WORK ORDER =
Keep the wording of every entry intact in your copy, and omit the pictures.
#### DATA IN THIS EXERCISE
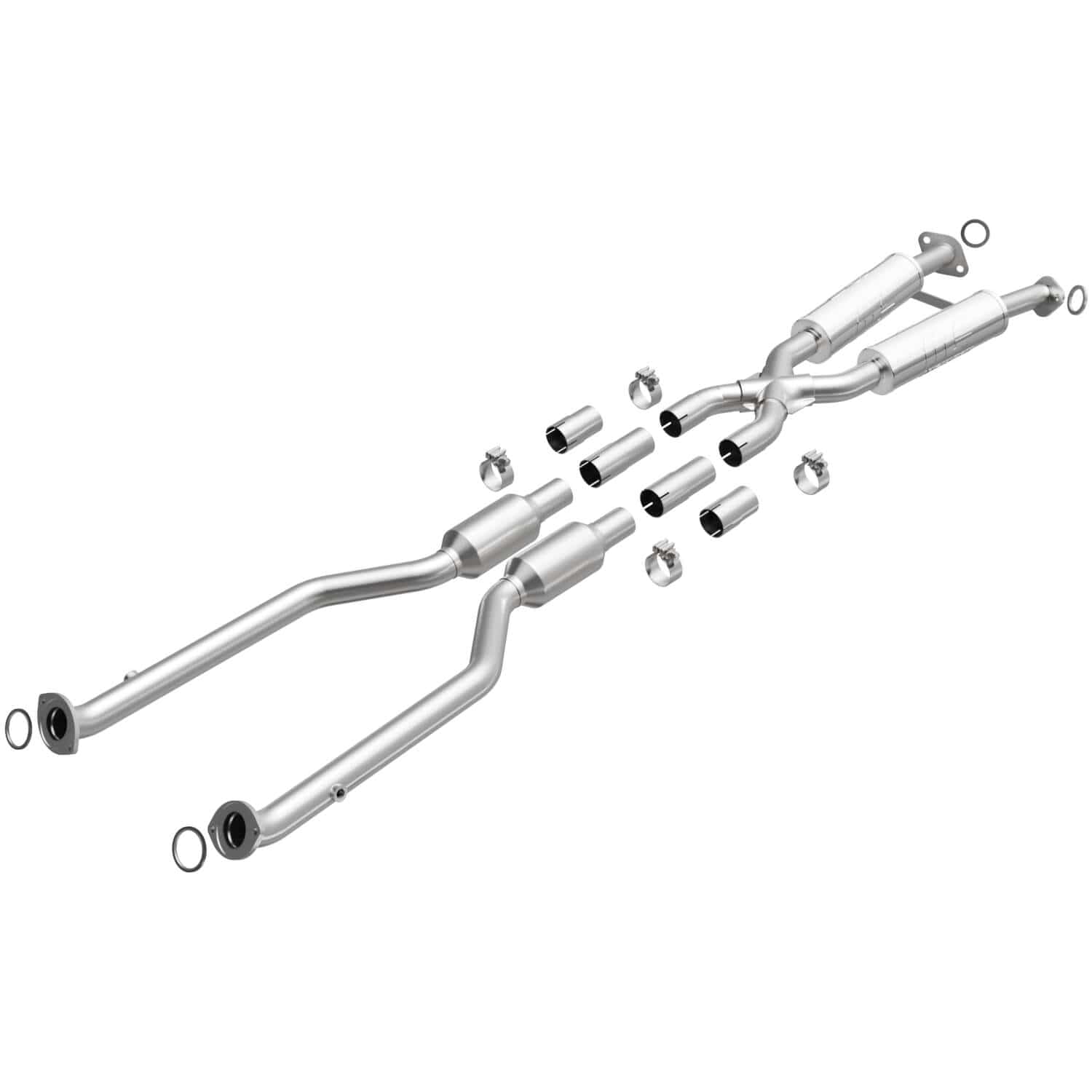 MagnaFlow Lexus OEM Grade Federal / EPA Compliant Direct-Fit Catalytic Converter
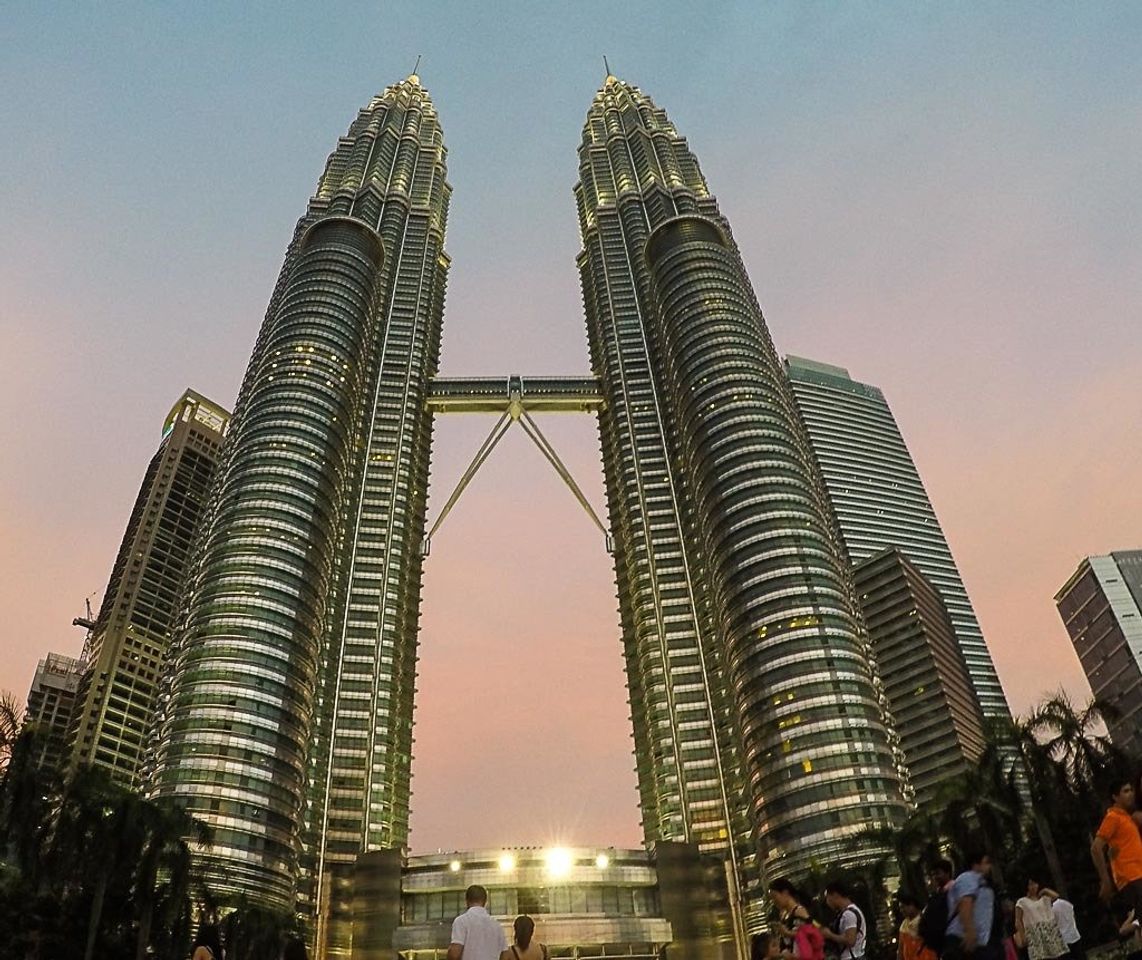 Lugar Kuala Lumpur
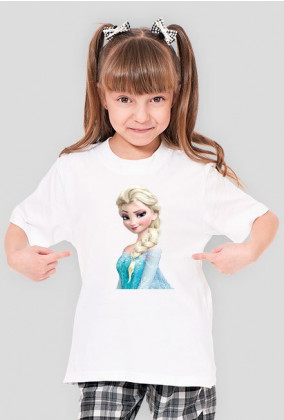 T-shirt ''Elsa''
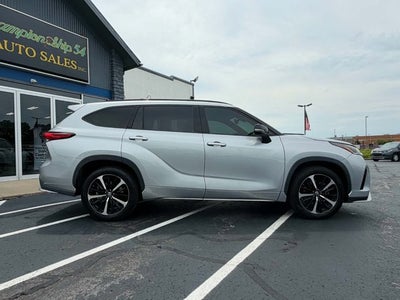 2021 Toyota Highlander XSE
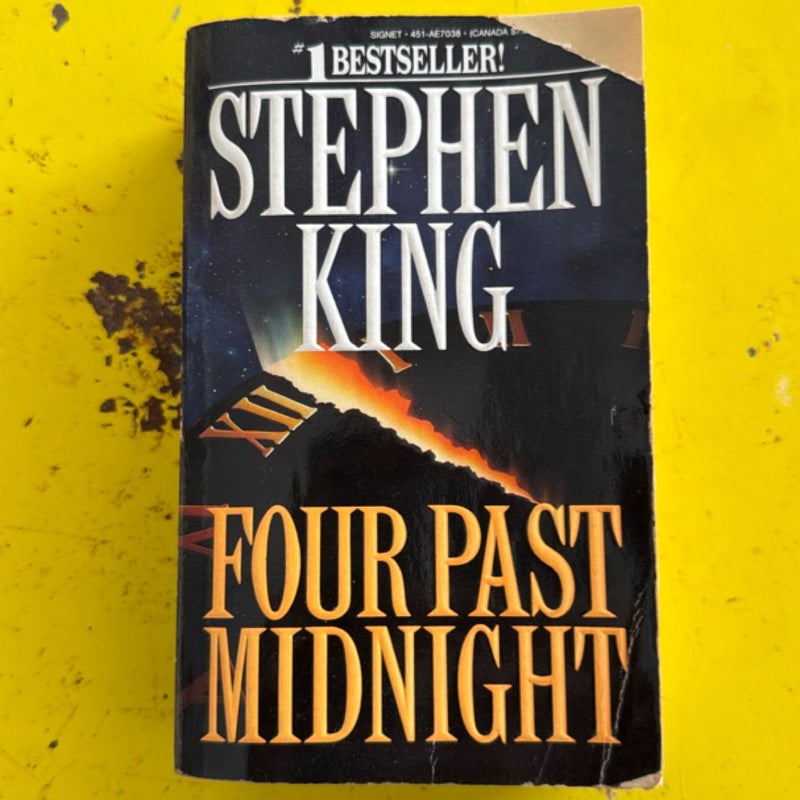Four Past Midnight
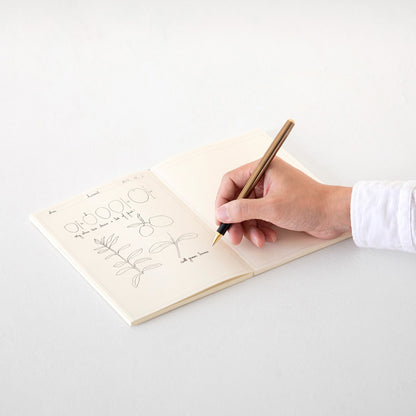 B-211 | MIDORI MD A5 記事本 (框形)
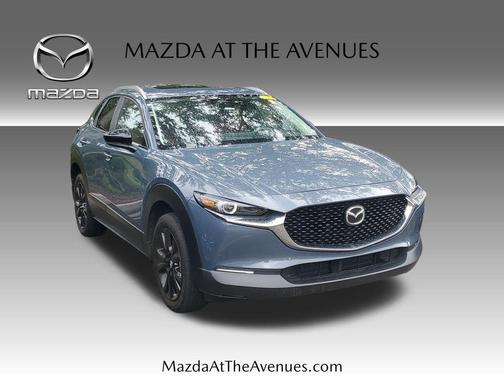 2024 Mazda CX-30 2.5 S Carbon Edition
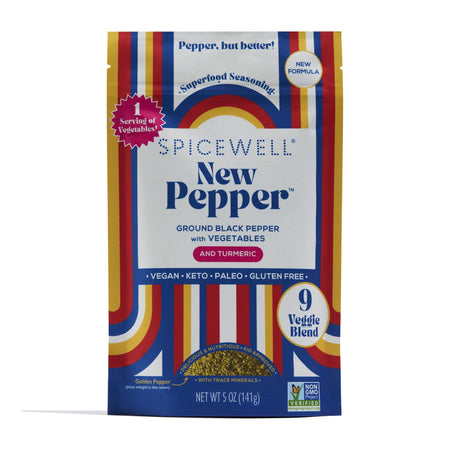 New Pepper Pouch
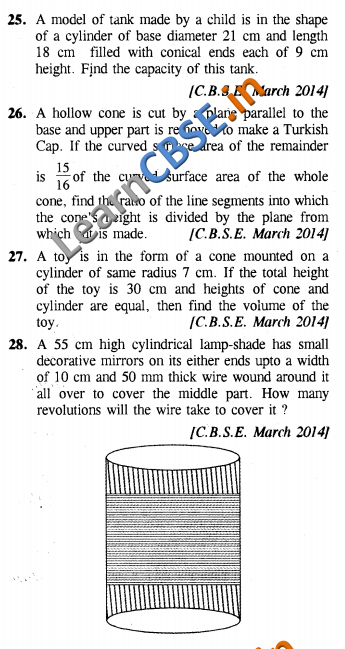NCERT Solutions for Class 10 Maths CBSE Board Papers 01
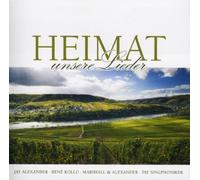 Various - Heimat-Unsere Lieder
########
ANSWER SECTION =
 MagnaFlow Lexus OEM Grade Federal / EPA Compliant Direct-Fit Catalytic Converter
 Lugar Kuala Lumpur
 T-shirt ''Elsa''
 2021 Toyota Highlander XSE
Four Past Midnight
 B-211 | MIDORI MD A5 記事本 (框形)
 2024 Mazda CX-30 2.5 S Carbon Edition
 New Pepper Pouch
NCERT Solutions for Class 10 Maths CBSE Board Papers 01
 Various - Heimat-Unsere Lieder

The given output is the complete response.